=== Task ===
Each line in the records below, from the one that contains "Valerie’s House cleaning" to the one that contains "Used 2023 Ford", should be reproduced exactly, the first and last included.

=== Data shown ===
──────────

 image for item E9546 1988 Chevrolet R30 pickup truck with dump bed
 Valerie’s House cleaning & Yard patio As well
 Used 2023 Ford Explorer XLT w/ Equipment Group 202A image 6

──────────

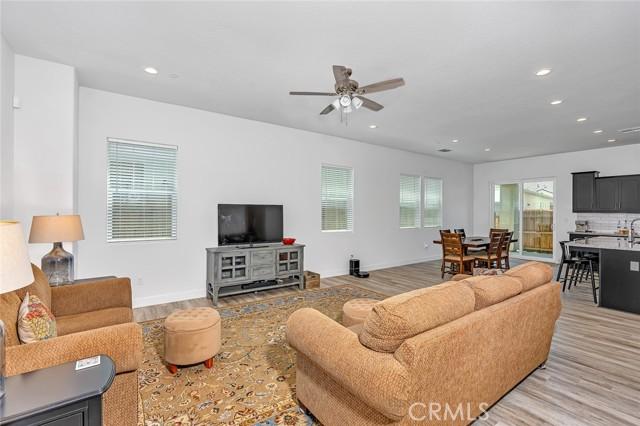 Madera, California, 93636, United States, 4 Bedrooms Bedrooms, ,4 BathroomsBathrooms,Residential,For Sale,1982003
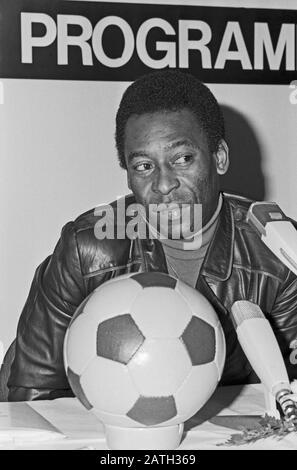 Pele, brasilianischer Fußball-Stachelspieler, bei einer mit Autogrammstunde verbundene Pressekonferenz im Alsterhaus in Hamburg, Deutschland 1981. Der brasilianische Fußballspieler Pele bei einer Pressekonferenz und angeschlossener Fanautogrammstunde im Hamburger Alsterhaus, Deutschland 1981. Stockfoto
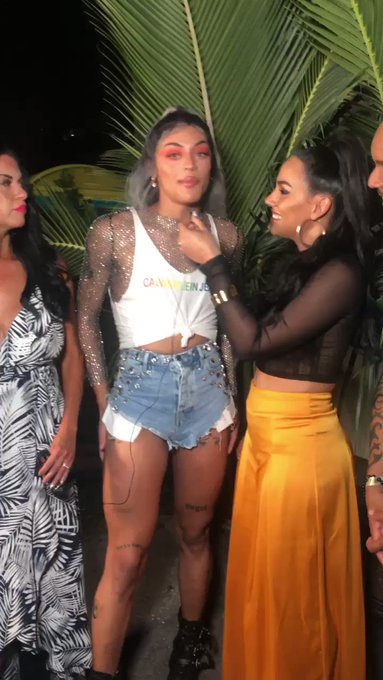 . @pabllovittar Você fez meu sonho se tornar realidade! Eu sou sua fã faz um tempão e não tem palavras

──────────

=== Solution ===
 Valerie’s House cleaning & Yard patio As well
 Used 2023 Ford Explorer XLT w/ Equipment Group 202A image 6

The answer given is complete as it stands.